Стало еще темнее. В школе окна были черные — электричество не горело. Фасад здания выходил на реку. На набережной было совсем пусто. Другой берег пропадал в темноте. Где-то простучала по мостовой телега. Издалека с невидимого берега доносилась пьяная песня.
Мы сидели молча.
— Ребята, — начала опять Катя, — а что будет через десять лет?... О, это много — десять лет! — сказала она, не дождавшись ответа.— Мне будет... господи, двадцать пять лет! — Она зажмурилась. — Я совсем не представляю себе, как тогда будут люди жить.
— Тогда все будет иначе, — сказал Петька Потапов. — Только я не знаю как, а, должно быть, хорошо.
— Жалко, я буду старая, — сокрушенно вздохнула Катя: — двадцать пять лет!..
Все рассмеялись.
— Ты замуж выйдешь, — сказал я ей смеясь, — вот и все.
— Ничего я замуж не пойду, а если пойду, так не за тебя. За тебя вон Таня Готфрид пойдет... Пойдешь, Таня? Он ведь ничего, не безнадежный.
— Не говори глупостей, Катя, — ответила спокойно Таня.
Хорошо, что было темно. Я покраснел, да так, что щеки у меня стали горячими. Проклятая девчонка эта Катька! Умеет уколоть.
— Что, поддела? — издевалась надо мной Катька. — Молчишь? Я в сестры пойду. Плюну на все и уйду в сестры, а вы тут сидите. Пойдешь в сестры, Таня?
— Домой пора, — откликнулась Таня, и мне почему-то показалось, что она не так уж равнодушно выслушала то, что говорила про нас с ней эта ехидная Катька.
От такой мысли у меня на сердце стало сразу тепло, и я даже чуть не задохнулся. Я пытался разглядеть Танино лицо, но видел только неясные его очертания да белый воротничок на темном платье.
— И правда, пошли, — сказала Катя. — Вставай.
Мы сидели в учительской и гримировались. Театральная секция ставила «На дне» Горького. Всей пьесы мы не осилили и ставили только четвертый акт, да и тот не полностью. Я играл Актера. Роль была совсем небольшая. Актер лежал все время на печке, говорил: «Обжирайтесь, мрачные умы!», пил водку и уходил на пустырь вешаться. А пустырь был уже за сценой. И самое выигрышное, на мой взгляд, место пропадало. Мне не очень хотелось играть этого Актера, но я подчинился дисциплине и согласился.
Гримировались мы не сами. Мы пробовали было, но ничего не вышло. Нас разделывал специально приглашенный гример городского театра, Иван Иосифович Жебровский.
Когда, запыхавшийся и красный, в учительскую влетел Оська Гринберг, я разглядывал себя в зеркало и дивился. На меня смотрела какая-то испитая, старая физиономия.
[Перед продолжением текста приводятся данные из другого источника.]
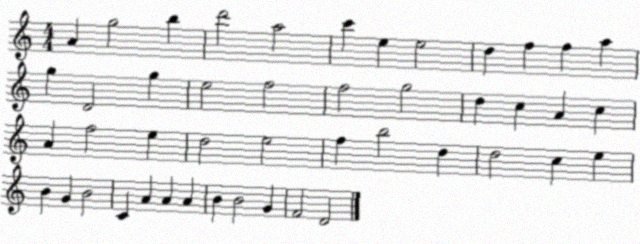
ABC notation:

X:1
T:Untitled
M:4/4
L:1/4
K:C
A g2 b d'2 a2 c' e e2 d f f a g D2 g e2 f2 f2 g2 d c A c A f2 e d2 e2 f b2 d d2 c e B G B2 C A A A B B2 G F2 D2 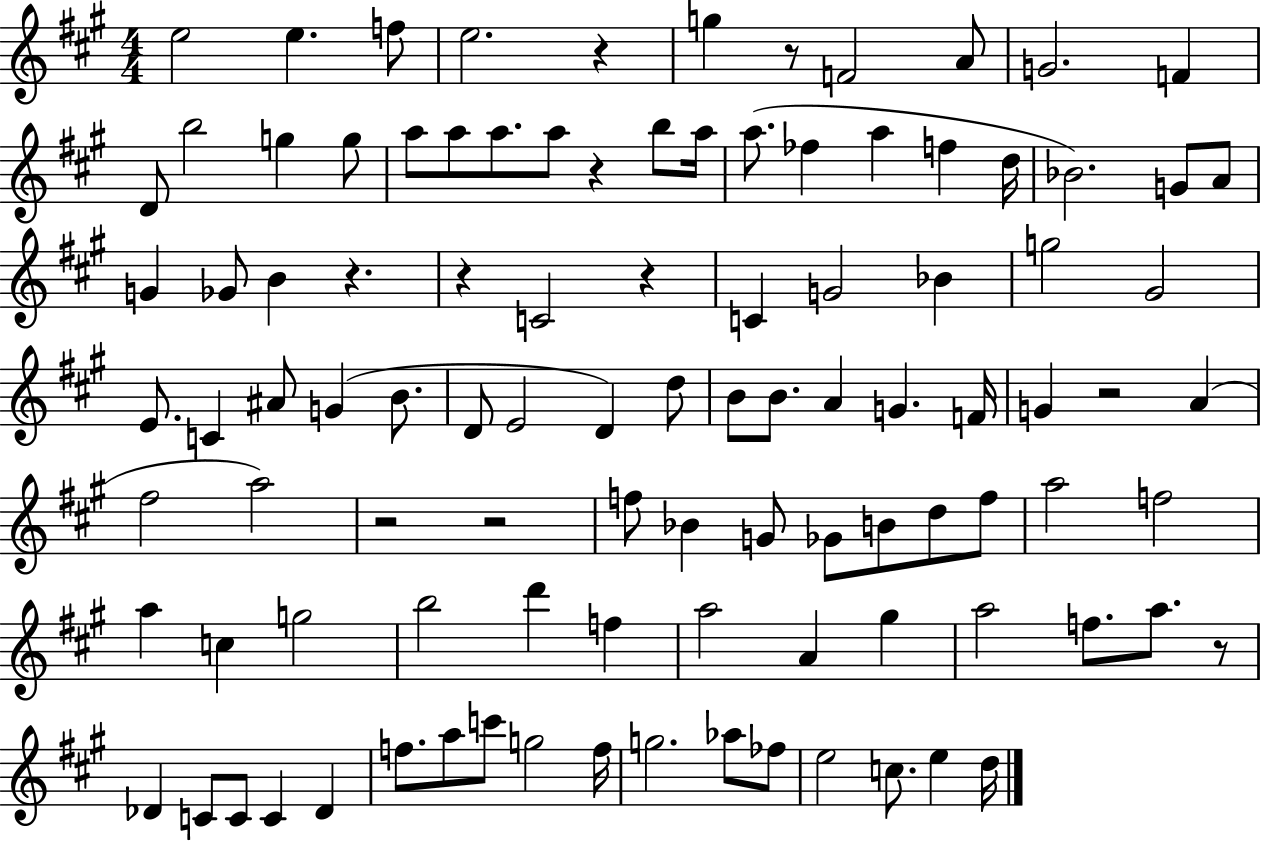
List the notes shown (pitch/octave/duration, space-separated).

E5/h E5/q. F5/e E5/h. R/q G5/q R/e F4/h A4/e G4/h. F4/q D4/e B5/h G5/q G5/e A5/e A5/e A5/e. A5/e R/q B5/e A5/s A5/e. FES5/q A5/q F5/q D5/s Bb4/h. G4/e A4/e G4/q Gb4/e B4/q R/q. R/q C4/h R/q C4/q G4/h Bb4/q G5/h G#4/h E4/e. C4/q A#4/e G4/q B4/e. D4/e E4/h D4/q D5/e B4/e B4/e. A4/q G4/q. F4/s G4/q R/h A4/q F#5/h A5/h R/h R/h F5/e Bb4/q G4/e Gb4/e B4/e D5/e F5/e A5/h F5/h A5/q C5/q G5/h B5/h D6/q F5/q A5/h A4/q G#5/q A5/h F5/e. A5/e. R/e Db4/q C4/e C4/e C4/q Db4/q F5/e. A5/e C6/e G5/h F5/s G5/h. Ab5/e FES5/e E5/h C5/e. E5/q D5/s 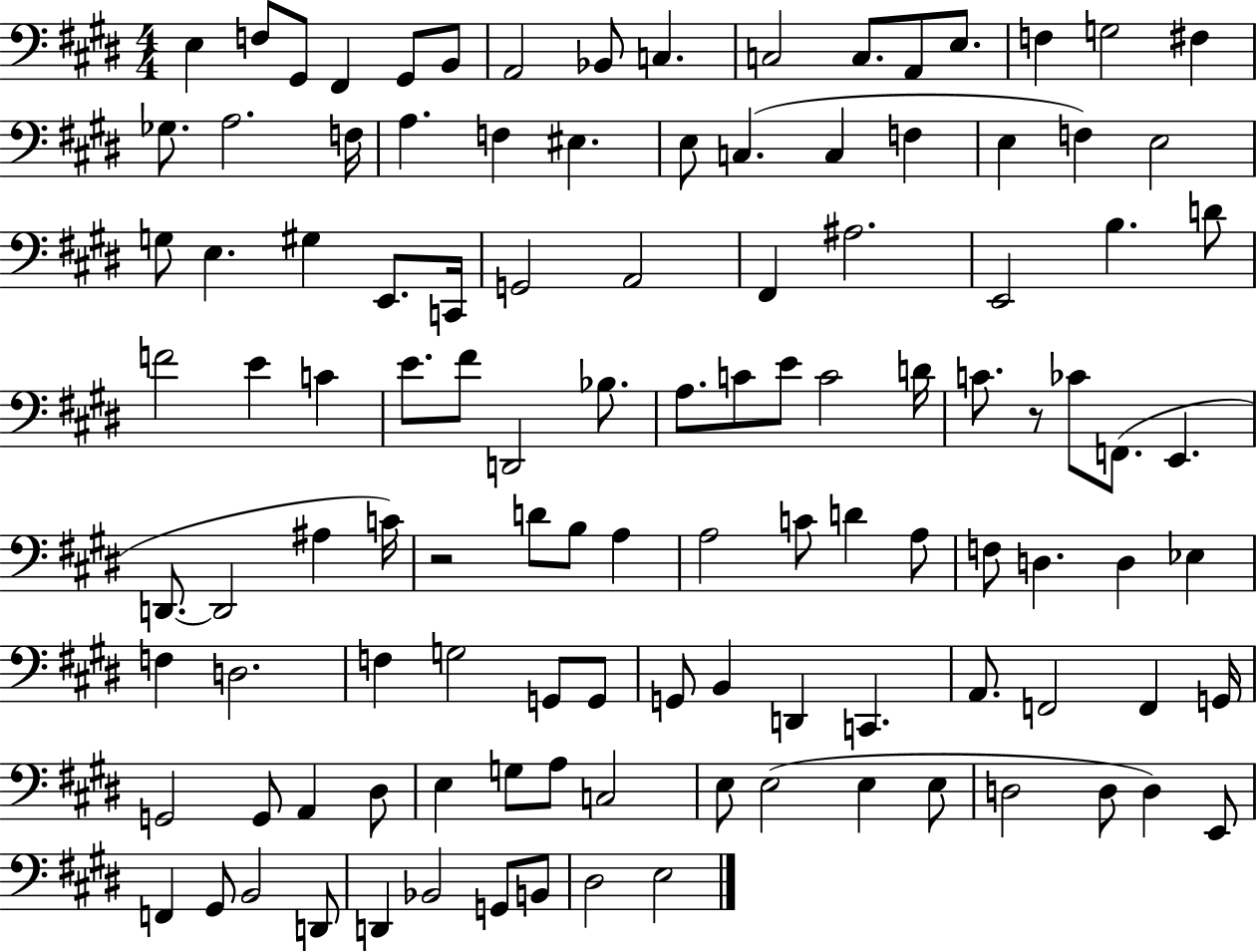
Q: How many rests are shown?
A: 2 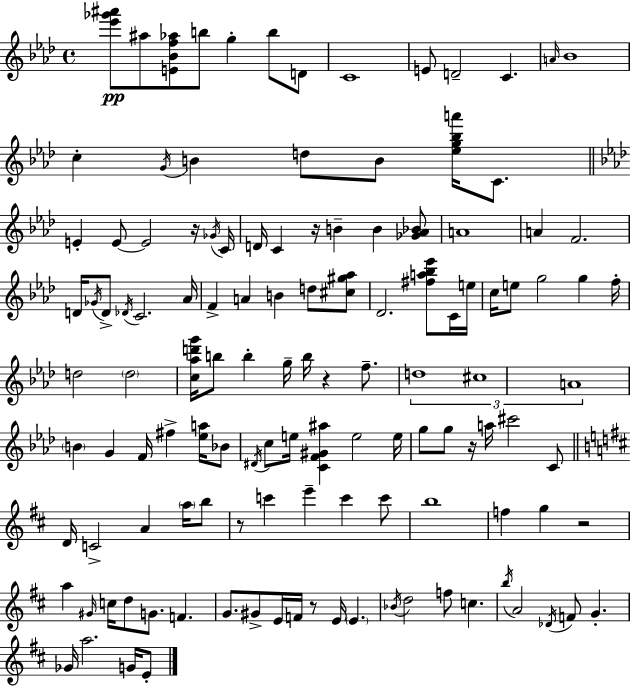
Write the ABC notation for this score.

X:1
T:Untitled
M:4/4
L:1/4
K:Ab
[_e'_g'^a']/2 ^a/2 [E_Bf_a]/2 b/2 g b/2 D/2 C4 E/2 D2 C A/4 _B4 c G/4 B d/2 B/2 [_eg_ba']/4 C/2 E E/2 E2 z/4 _G/4 C/4 D/4 C z/4 B B [_G_A_B]/2 A4 A F2 D/4 _G/4 D/2 _D/4 C2 _A/4 F A B d/2 [^c^g_a]/2 _D2 [^fa_b_e']/2 C/4 e/4 c/4 e/2 g2 g f/4 d2 d2 [c_ad'g']/4 b/2 b g/4 b/4 z f/2 d4 ^c4 A4 B G F/4 ^f [_ea]/4 _B/2 ^D/4 c/2 e/4 [CF^G^a] e2 e/4 g/2 g/2 z/4 a/4 ^c'2 C/2 D/4 C2 A a/4 b/2 z/2 c' e' c' c'/2 b4 f g z2 a ^G/4 c/4 d/2 G/2 F G/2 ^G/2 E/4 F/4 z/2 E/4 E _B/4 d2 f/2 c b/4 A2 _D/4 F/2 G _G/4 a2 G/4 E/2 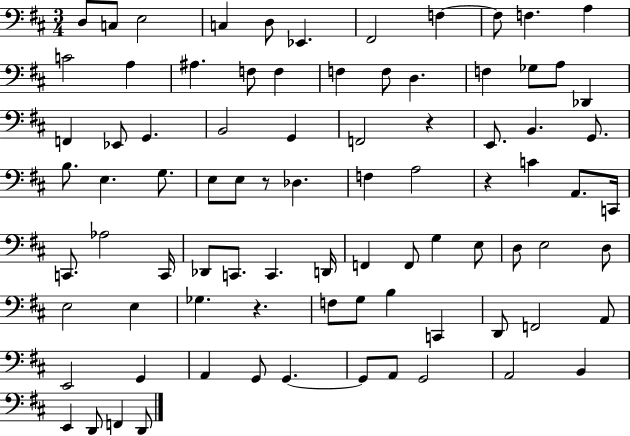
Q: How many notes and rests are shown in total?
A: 85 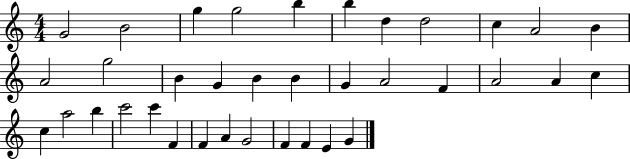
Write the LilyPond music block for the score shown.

{
  \clef treble
  \numericTimeSignature
  \time 4/4
  \key c \major
  g'2 b'2 | g''4 g''2 b''4 | b''4 d''4 d''2 | c''4 a'2 b'4 | \break a'2 g''2 | b'4 g'4 b'4 b'4 | g'4 a'2 f'4 | a'2 a'4 c''4 | \break c''4 a''2 b''4 | c'''2 c'''4 f'4 | f'4 a'4 g'2 | f'4 f'4 e'4 g'4 | \break \bar "|."
} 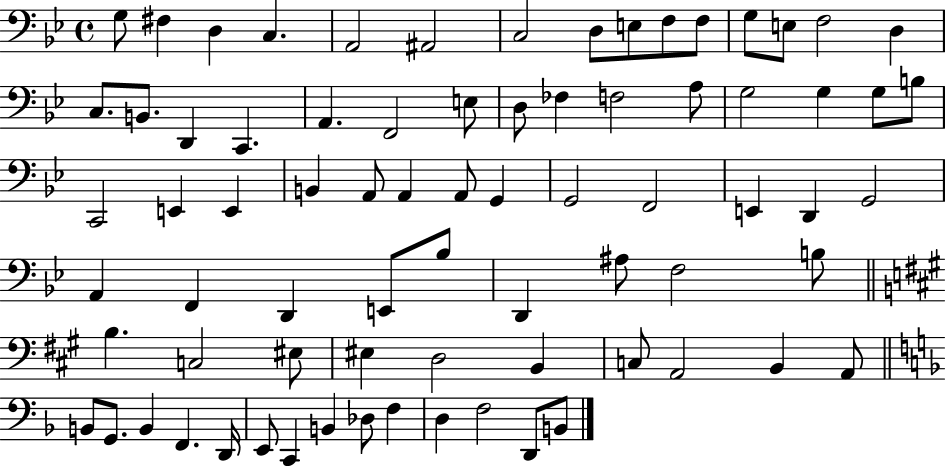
{
  \clef bass
  \time 4/4
  \defaultTimeSignature
  \key bes \major
  \repeat volta 2 { g8 fis4 d4 c4. | a,2 ais,2 | c2 d8 e8 f8 f8 | g8 e8 f2 d4 | \break c8. b,8. d,4 c,4. | a,4. f,2 e8 | d8 fes4 f2 a8 | g2 g4 g8 b8 | \break c,2 e,4 e,4 | b,4 a,8 a,4 a,8 g,4 | g,2 f,2 | e,4 d,4 g,2 | \break a,4 f,4 d,4 e,8 bes8 | d,4 ais8 f2 b8 | \bar "||" \break \key a \major b4. c2 eis8 | eis4 d2 b,4 | c8 a,2 b,4 a,8 | \bar "||" \break \key d \minor b,8 g,8. b,4 f,4. d,16 | e,8 c,4 b,4 des8 f4 | d4 f2 d,8 b,8 | } \bar "|."
} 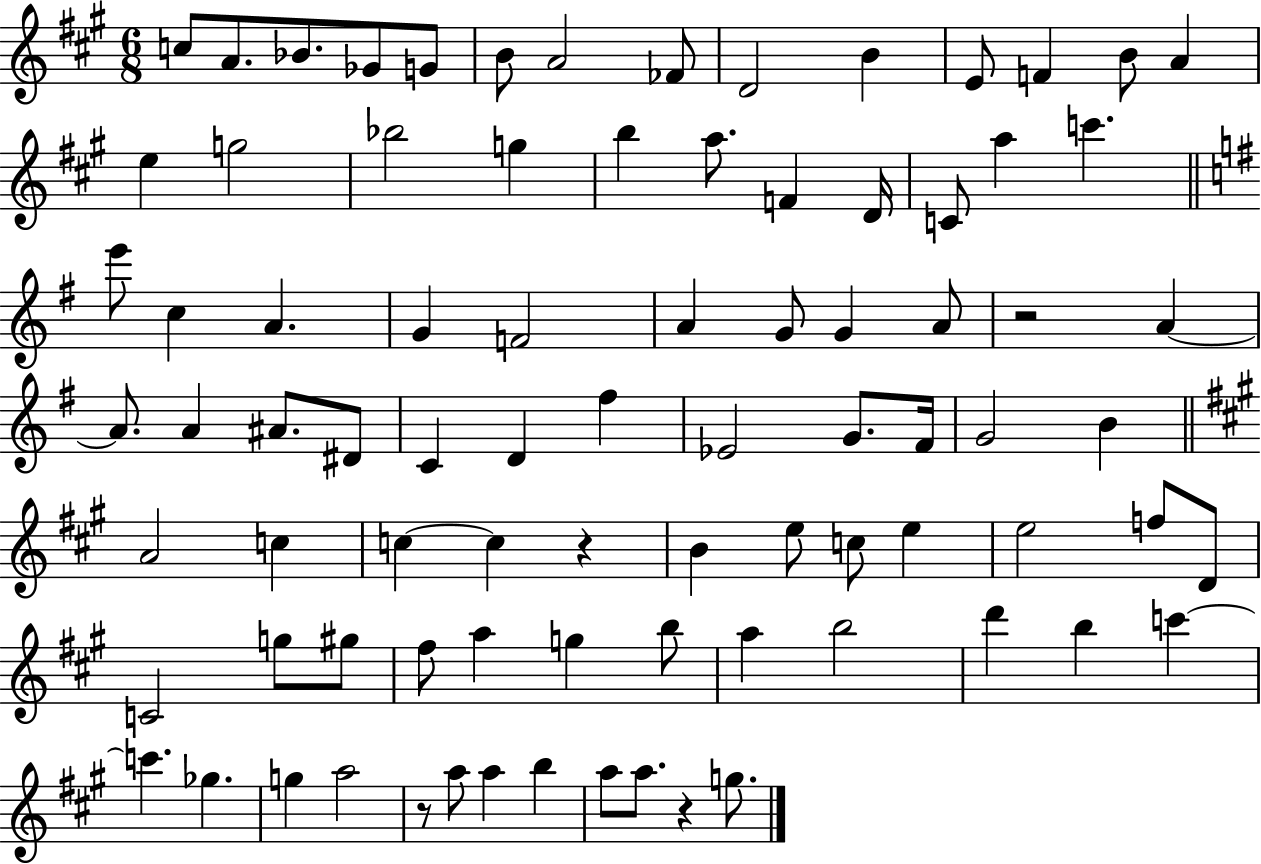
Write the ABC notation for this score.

X:1
T:Untitled
M:6/8
L:1/4
K:A
c/2 A/2 _B/2 _G/2 G/2 B/2 A2 _F/2 D2 B E/2 F B/2 A e g2 _b2 g b a/2 F D/4 C/2 a c' e'/2 c A G F2 A G/2 G A/2 z2 A A/2 A ^A/2 ^D/2 C D ^f _E2 G/2 ^F/4 G2 B A2 c c c z B e/2 c/2 e e2 f/2 D/2 C2 g/2 ^g/2 ^f/2 a g b/2 a b2 d' b c' c' _g g a2 z/2 a/2 a b a/2 a/2 z g/2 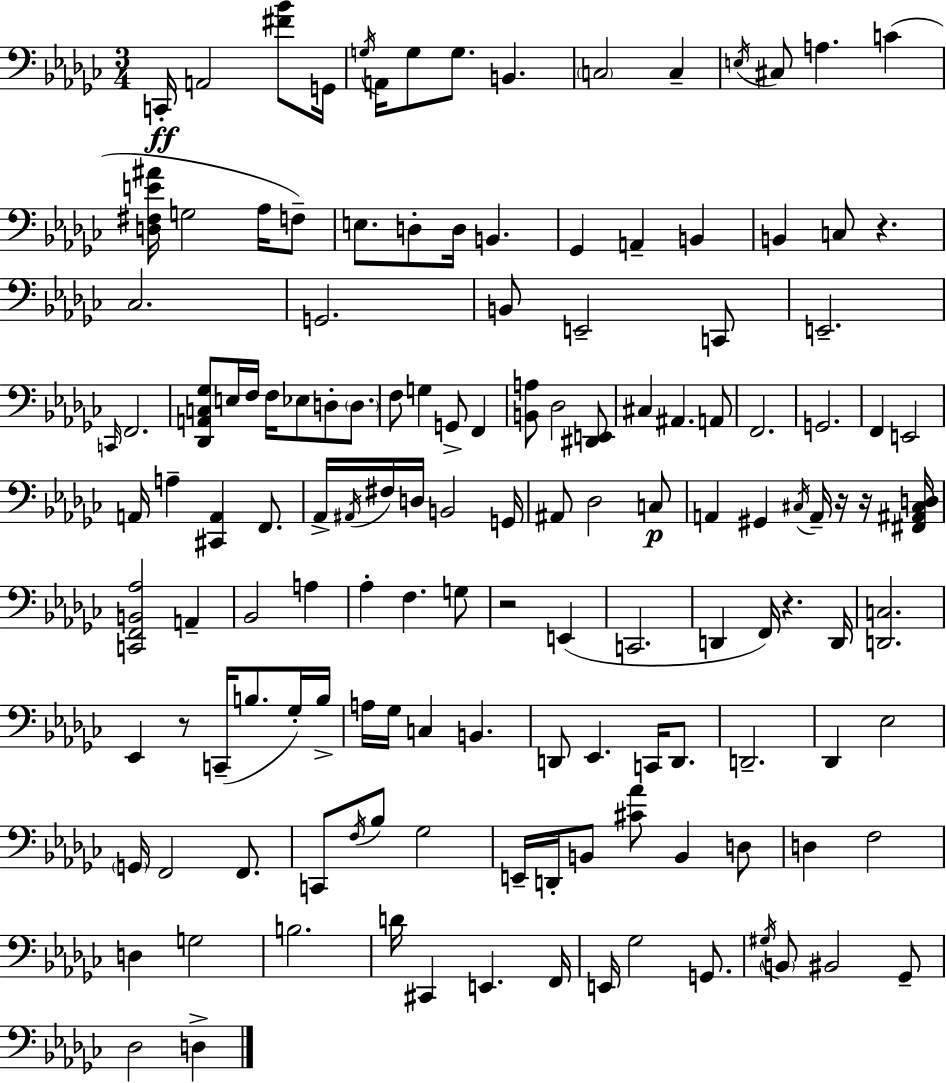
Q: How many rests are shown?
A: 6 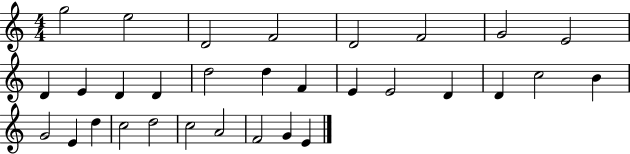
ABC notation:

X:1
T:Untitled
M:4/4
L:1/4
K:C
g2 e2 D2 F2 D2 F2 G2 E2 D E D D d2 d F E E2 D D c2 B G2 E d c2 d2 c2 A2 F2 G E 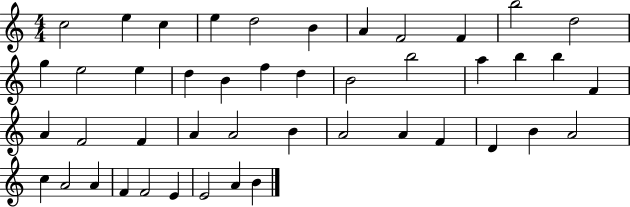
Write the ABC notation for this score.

X:1
T:Untitled
M:4/4
L:1/4
K:C
c2 e c e d2 B A F2 F b2 d2 g e2 e d B f d B2 b2 a b b F A F2 F A A2 B A2 A F D B A2 c A2 A F F2 E E2 A B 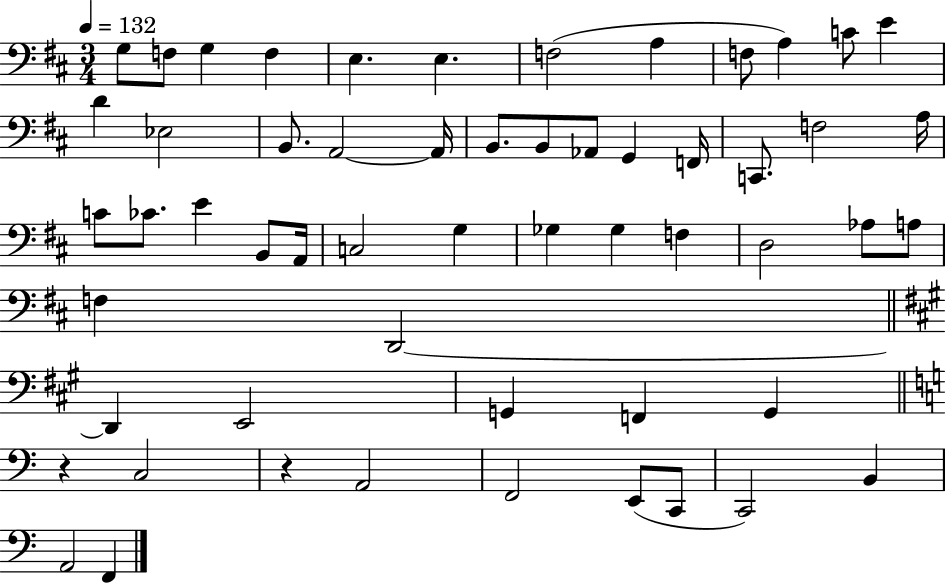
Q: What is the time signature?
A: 3/4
Я широко открывал рот — и она тоже. Я высовывал язык, скашивал глаза — и она тоже. Это было очень смешно и интересно: и я как будто, и не я.
Оська влетел взволнованный.
— Кончай! — сказал он. — Кончайте, ко всем чертям!.. Борька, давай скамейки в актовый зал.
— Что случилось?
— Белые наступают. Комсомольская мобилизация объявлена. Идет набор добровольцев. Давай, давай скамейки!
Я сразу забыл про свою роль и как был, в гриме, побежал таскать скамейки.
Народу набилось — полно. Притащив последнюю скамейку, я сел сзади. Сердце у меня билось и щеки горели — не то от волнения, не то просто оттого, что я набегался по этажам.